Dataset extract
*****

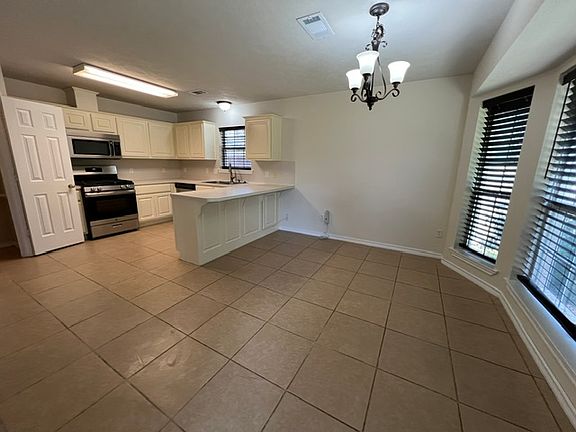 2nd image of 1880 Mullins Ct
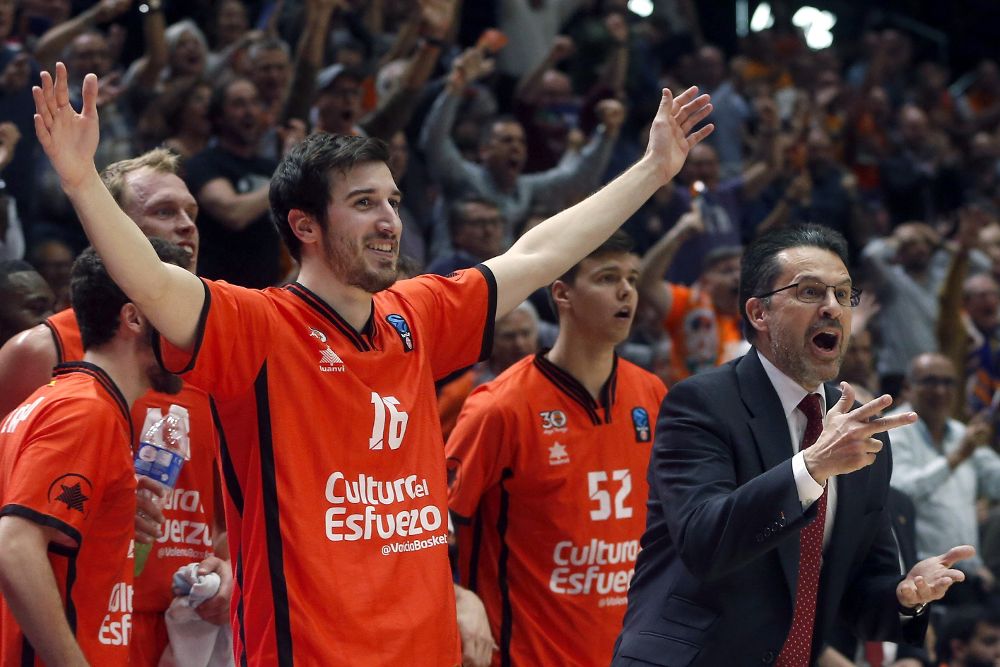 El entrenador del Valencia Basket, Pedro Martinez (d), durante el partido contra el Hapoel Jerusalem.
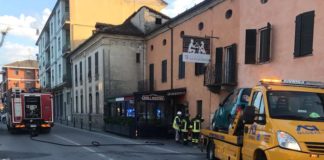 L'incidente, in via Verdi a Fossano, che ha provocato una fuga di gas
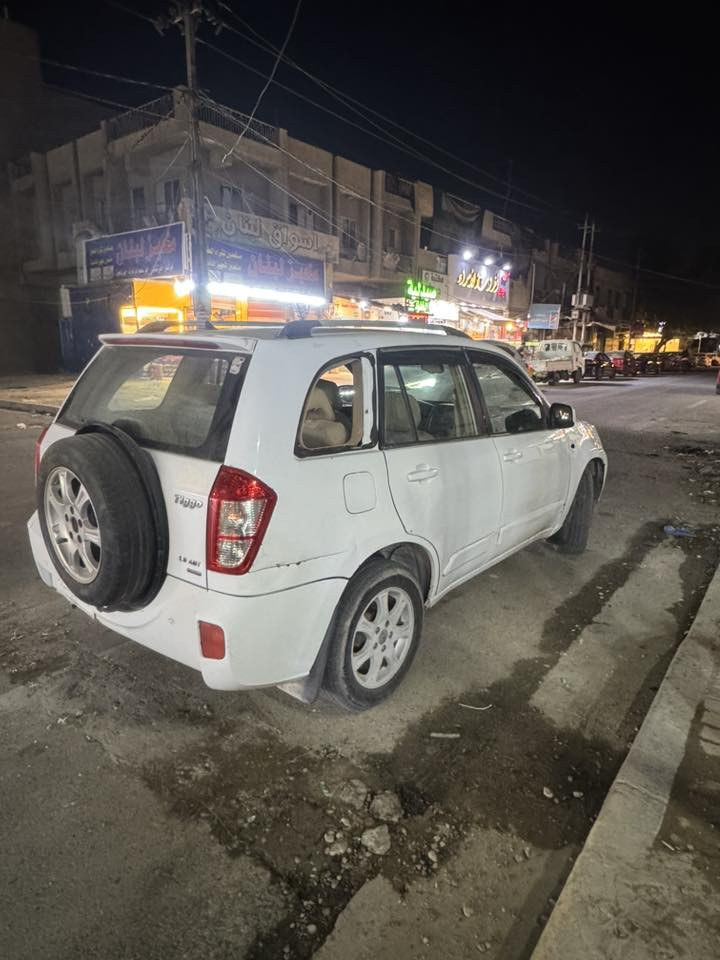 سلام عليكم تيكو 2013 سياره بيه بس جاملغ بدل باقي مكفول سياره صاحبه مسافر بيته ورقمه موجود وعندي تواصل ويا بس اني ابيع هل موجود مالي علاقه بشي بيعلك حديده سنويه كارتونيه سياره هسه بدل صدر كله جديد مكينه خير من الله سعر 30$ بكان سياره بغداد هاتف ***********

*****

Exercise goal
Keep every word of the material exactly as given. Drop the pictures.

Solution
 2nd image of 1880 Mullins Ct
 El entrenador del Valencia Basket, Pedro Martinez (d), durante el partido contra el Hapoel Jerusalem.
 L'incidente, in via Verdi a Fossano, che ha provocato una fuga di gas
 سلام عليكم تيكو 2013 سياره بيه بس جاملغ بدل باقي مكفول سياره صاحبه مسافر بيته ورقمه موجود وعندي تواصل ويا بس اني ابيع هل موجود مالي علاقه بشي بيعلك حديده سنويه كارتونيه سياره هسه بدل صدر كله جديد مكينه خير من الله سعر 30$ بكان سياره بغداد هاتف ***********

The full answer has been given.